I believe in the case above, subtrans buffers were exhausted due to the
extensive use of plpgsql with exception handling.

I can simulate this failure with the attached debug-clog patch which
makes use of two pre-existing debug GUCs to selectively interject an
ERROR in between calls to ExtendCLOG() and ExtendSUBTRANS(). If you want
to test this yourself, apply this patch and use the function in
test_clog.sql to generate a million or so transactions. After the first
32K or before (based on when clog gets its first opportunity to zero a
new page) you should start seeing messages about injected ERRORs. Let a
few hundred thousand ERRORs go by, then kill postgres. Recovery will
take ages, because clog_redo is calling fsync hundreds of thousands of
times in order to zero the same page over and over.

The attached fix-clogredo diff is my proposal for a fix for this.
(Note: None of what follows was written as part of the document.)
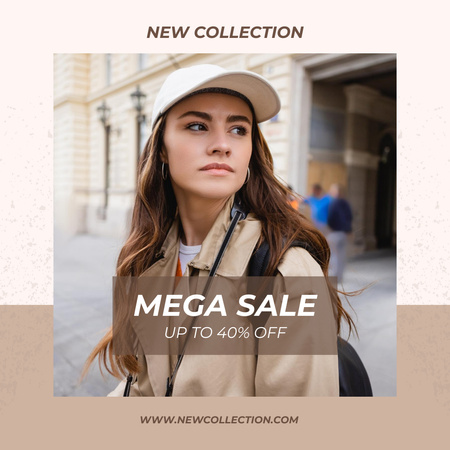 New Fashion Collection with Woman in Stylish Cap Instagram Design Template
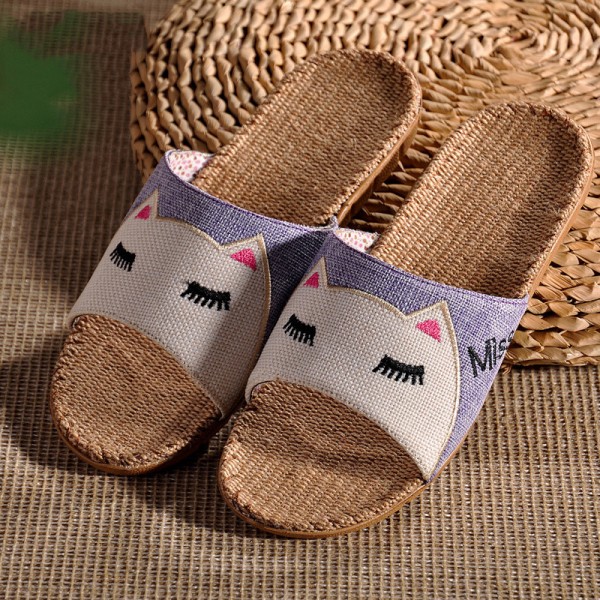 Cute Natural Linen Kids Slippers Open Toe Family House Slides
Thoughts/alternatives, etc appreciated.

Thanks,

Joe


-- 
Joe Conway
credativ LLC: http://www.credativ.us
Linux, PostgreSQL, and general Open Source
Training, Service, Consulting, & 24x7 Support

diff --git a/src/backend/access/transam/clog.c 
b/src/backend/access/transam/clog.c
index 52224b1..317bc2e 100644
--- a/src/backend/access/transam/clog.c
+++ b/src/backend/access/transam/clog.c
@@ -36,6 +36,7 @@
 #include "access/slru.h"
 #include "access/transam.h"
 #include "postmaster/bgwriter.h"
+#include "utils/guc.h"
 
 /*
  * Defines for CLOG page sizes.  A page is the same BLCKSZ as is used
@@ -355,6 +356,9 @@ ExtendCLOG(TransactionId newestXact)
/* Zero the page and make an XLOG entry about it */
ZeroCLOGPage(pageno, true);
 
+   /* steal this variable for test -- means we've been here */
+   Debug_print_rewritten = true;
+
LWLockRelease(CLogControlLock);
 }
 
diff --git a/src/backend/access/transam/varsup.c 
b/src/backend/access/transam/varsup.c
index 8838d42..e55a67b 100644
--- a/src/backend/access/transam/varsup.c
+++ b/src/backend/access/transam/varsup.c
@@ -21,6 +21,7 @@
 #include "storage/pmsignal.h"
 #include "storage/proc.h"
 #include "utils/builtins.h"
+#include "utils/guc.h"
 
 
 /* Number of OIDs to prefetch (preallocate) per XLOG write */
@@ -107,6 +108,11 @@ GetNewTransactionId(bool isSubXact)
 * Extend pg_subtrans too.
 */
ExtendCLOG(xid);
+   if (Debug_print_rewritten && Debug_pretty_print)
+   {
+   Debug_print_rewritten = false;
+   elog(ERROR,"injected ERROR");
+   }
ExtendSUBTRANS(xid);
 
/*
diff -cNr postgresql-8.3.13.orig/src/backend/access/transam/clog.c 
postgresql-8.3.13/src/backend/access/transam/clog.c
*** postgresql-8.3.13.orig/src/backend/access/transam/clog.cTue Dec 14 
03:51:20 2010
--- postgresql-8.3.13/src/backend/access/transam/clog.c Thu Apr 28 12:04:52 2011
***
*** 74,79 
--- 75,81 
  
  #define ClogCtl (&ClogCtlData)
  
+ static int last_pageno = -1;
  
  static intZeroCLOGPage(int pageno, bool writeXlog);
  static bool CLOGPagePrecedes(int page1, int page2);
***
*** 471,476 
--- 476,488 
  
memcpy(&pageno, XLogRecGetData(record), sizeof(int));
  
+   /* avoid repeatedly zeroing the same page */
+   if (InRecovery && pageno == last_pageno)
+   return;
+ 
+   /* save state */
+   last_pageno = pageno;
+ 
LWLockAcquire(CLogControlLock, LW_EXCLUSIVE);
  
slotno = ZeroCLOGPage(pageno, false);
create language plpgsql;
\i /path/to/share/contrib/dblink.sql

CREATE OR REPLACE FUNCTION test_clog(howmany int) RETURNS int AS $_$
DECLARE
 i int;
 arr text[];
 dbname text;
BEGIN
 dbname := current_database();
 arr := dblink_get_connections();
 IF arr IS NOT NULL THEN
  PERFORM dblink_disconnect('conn');
 END IF;
 EXECUTE $$SELECT dblink_connect('conn','dbname=$$ || dbname || $$')$$;
 PERFORM db

Re: [HACKERS] Re: making write location work (was: Efficient transaction-controlled synchronous replication)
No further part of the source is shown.